◆ Data provided:
══════════

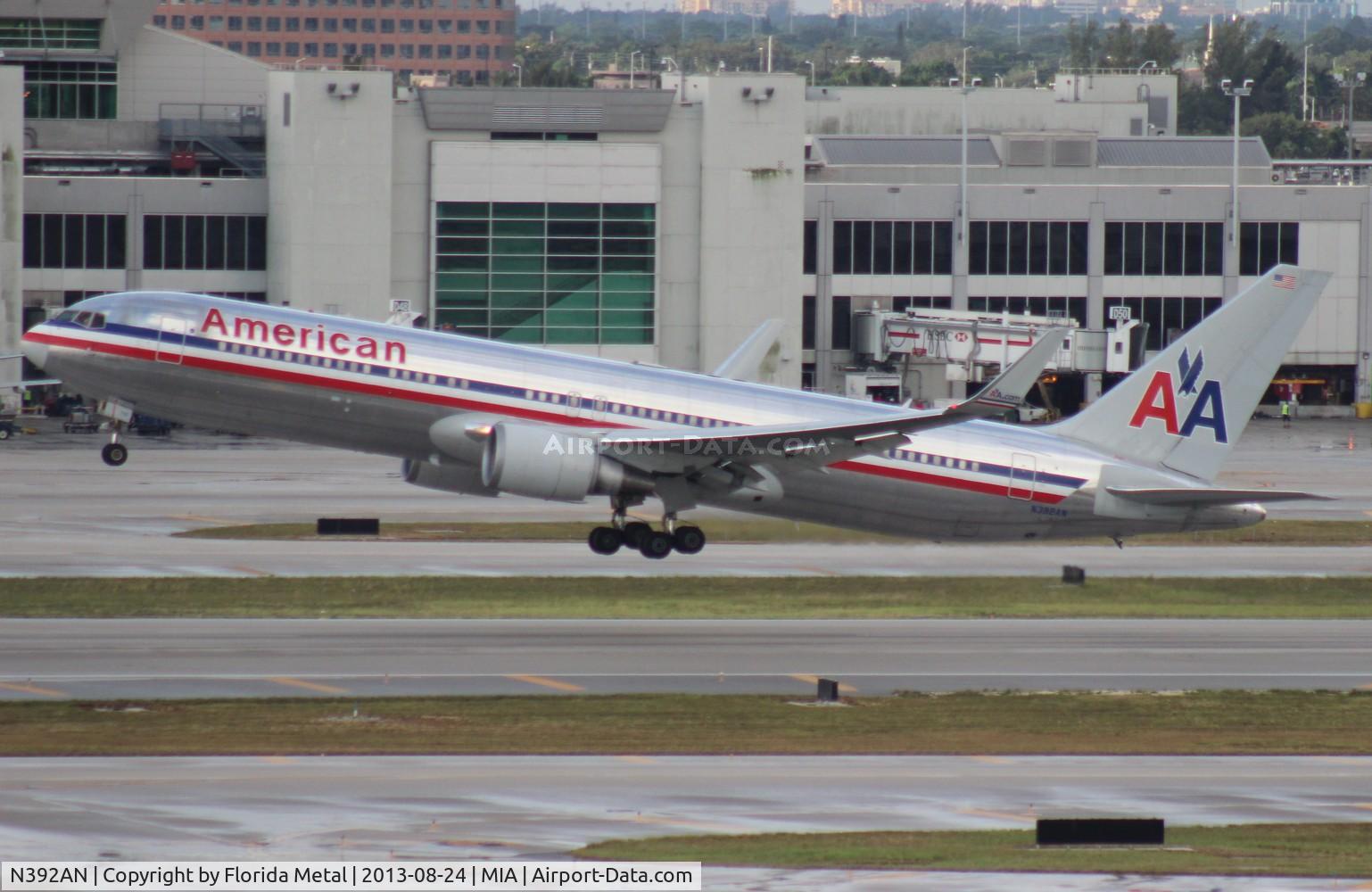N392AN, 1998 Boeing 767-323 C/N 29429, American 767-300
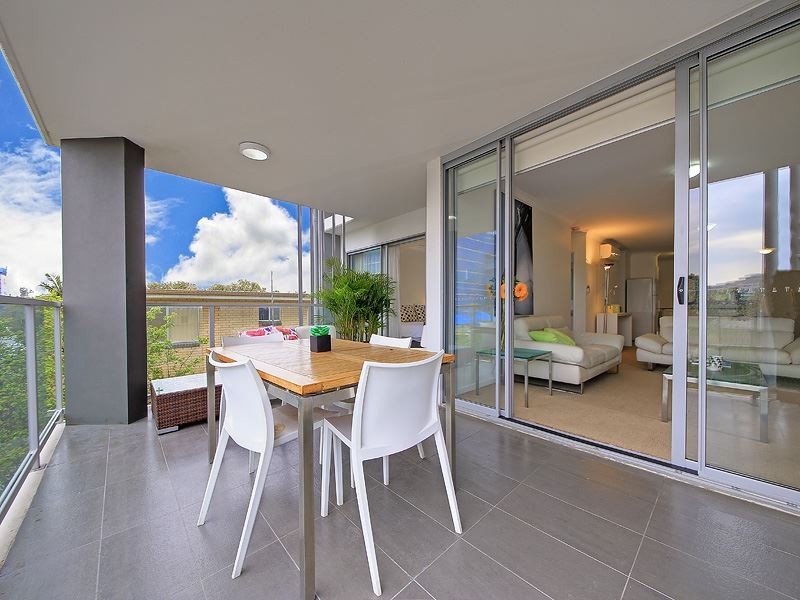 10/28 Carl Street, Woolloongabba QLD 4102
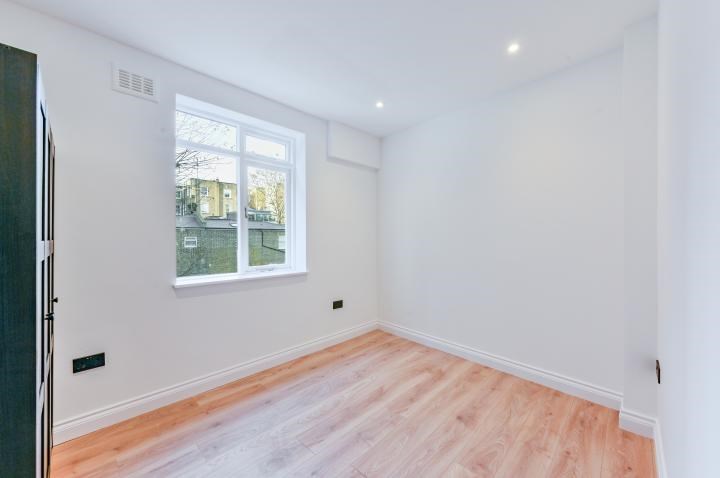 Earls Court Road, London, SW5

══════════

Starting at the line that holds "10/28 Carl Street, Woolloongabba QLD 4102", write out every remaining line of the material above exactly as it appears. Pictures should not be copied.

◆ Result for this task:
 10/28 Carl Street, Woolloongabba QLD 4102
 Earls Court Road, London, SW5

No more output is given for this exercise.